**The data**.
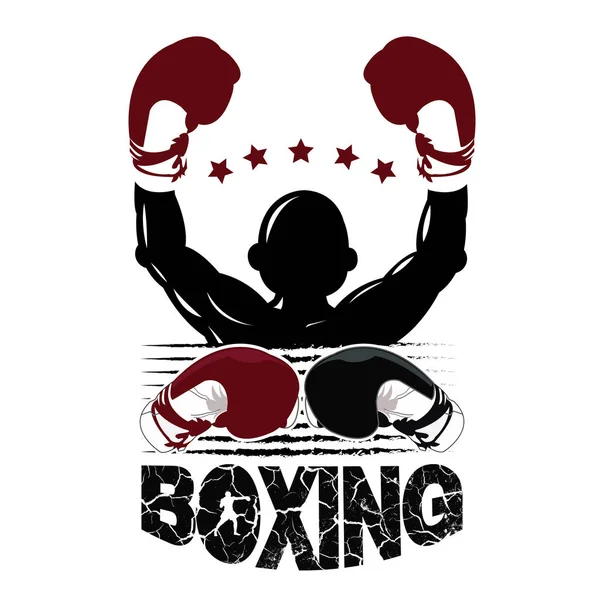 Ilustración Del Concepto Ganador Del Logo Boxeo — Archivo Imágenes Vectoriales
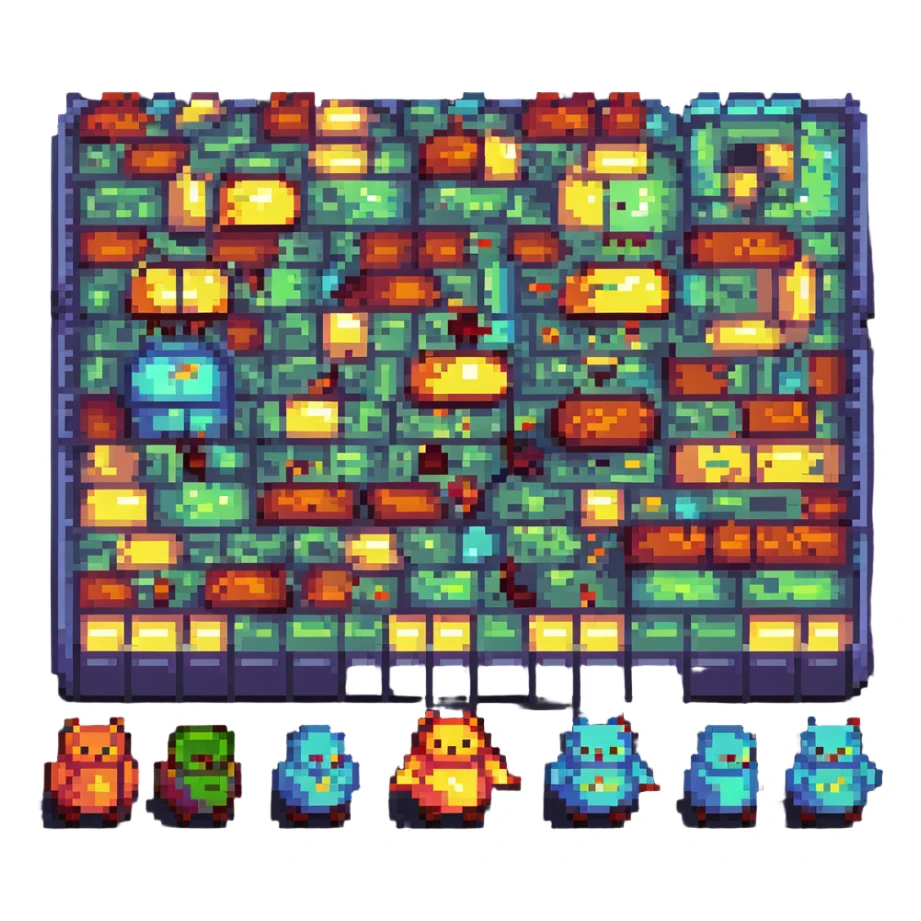 stubborn fat cells, pixel art style, small and compact, bright colors, retro atmosphere sticker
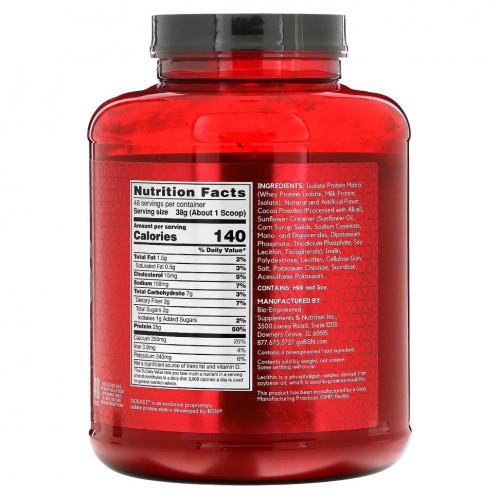 BSN, Syntha-6 Isolate, Protein Powder Drink Mix, Chocolate Milkshake, 4.02 lbs (1.82 kg)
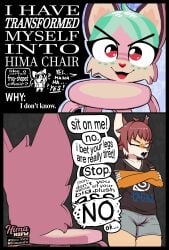 absurd_res ande_(hima_nsfw) annoyed anthro begging brown_hair canid canine chair closed_eyes comic crossed_arms dialogue english_text felid feline female fox frustrated fur furniture green_hair hair hi_res hima_nsfw himalaya_(hima_nsfw) hybrid looking_away lynx male mammal meme neon_genesis_evangelion open_:3 orange_body orange_fur pink_body plastic sickos_meme tan_body tan_fur text the_onion white_body white_fur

**Action item**. Skip all pictures. Write out only the lines from the one containing "stubborn fat cells, pixel" to the end of the listing above, inclusive, exactly as given.

**Result of this exercise**.
 stubborn fat cells, pixel art style, small and compact, bright colors, retro atmosphere sticker
 BSN, Syntha-6 Isolate, Protein Powder Drink Mix, Chocolate Milkshake, 4.02 lbs (1.82 kg)
 absurd_res ande_(hima_nsfw) annoyed anthro begging brown_hair canid canine chair closed_eyes comic crossed_arms dialogue english_text felid feline female fox frustrated fur furniture green_hair hair hi_res hima_nsfw himalaya_(hima_nsfw) hybrid looking_away lynx male mammal meme neon_genesis_evangelion open_:3 orange_body orange_fur pink_body plastic sickos_meme tan_body tan_fur text the_onion white_body white_fur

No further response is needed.